§ **Problem to work on**: Reproduce only this stretch of the listing below: from the line with "In this lesson, we" through the line with "GitHub manages version", exactly as written, with pictures excluded.

§ **Data in this exercise**:

* * *

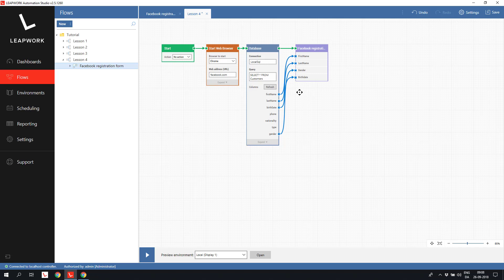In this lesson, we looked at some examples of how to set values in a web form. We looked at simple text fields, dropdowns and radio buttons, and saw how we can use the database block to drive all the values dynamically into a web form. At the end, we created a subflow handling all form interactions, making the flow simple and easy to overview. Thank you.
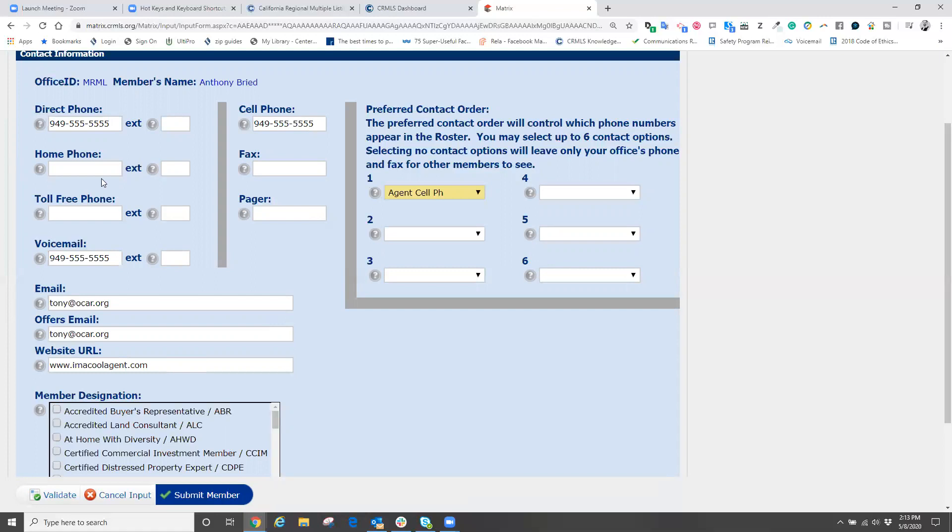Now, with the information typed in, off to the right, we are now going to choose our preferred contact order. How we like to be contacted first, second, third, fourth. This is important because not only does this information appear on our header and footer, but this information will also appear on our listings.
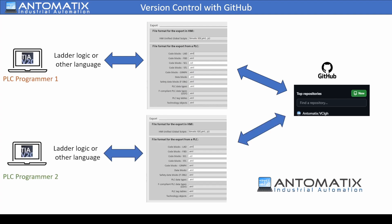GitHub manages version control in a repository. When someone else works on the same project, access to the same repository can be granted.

* * *

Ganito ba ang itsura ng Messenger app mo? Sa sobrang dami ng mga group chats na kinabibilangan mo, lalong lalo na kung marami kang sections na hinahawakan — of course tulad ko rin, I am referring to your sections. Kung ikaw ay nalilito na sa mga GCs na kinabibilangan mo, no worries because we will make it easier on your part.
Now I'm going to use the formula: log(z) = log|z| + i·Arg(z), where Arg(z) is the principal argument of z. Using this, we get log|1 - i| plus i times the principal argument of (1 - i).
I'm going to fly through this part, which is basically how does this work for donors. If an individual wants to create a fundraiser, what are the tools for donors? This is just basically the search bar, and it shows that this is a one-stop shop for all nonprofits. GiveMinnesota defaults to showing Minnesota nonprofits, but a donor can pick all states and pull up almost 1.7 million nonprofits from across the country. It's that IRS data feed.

* * *

§ **Answer section**:
In this lesson, we looked at some examples of how to set values in a web form. We looked at simple text fields, dropdowns and radio buttons, and saw how we can use the database block to drive all the values dynamically into a web form. At the end, we created a subflow handling all form interactions, making the flow simple and easy to overview. Thank you.
Now, with the information typed in, off to the right, we are now going to choose our preferred contact order. How we like to be contacted first, second, third, fourth. This is important because not only does this information appear on our header and footer, but this information will also appear on our listings.
GitHub manages version control in a repository. When someone else works on the same project, access to the same repository can be granted.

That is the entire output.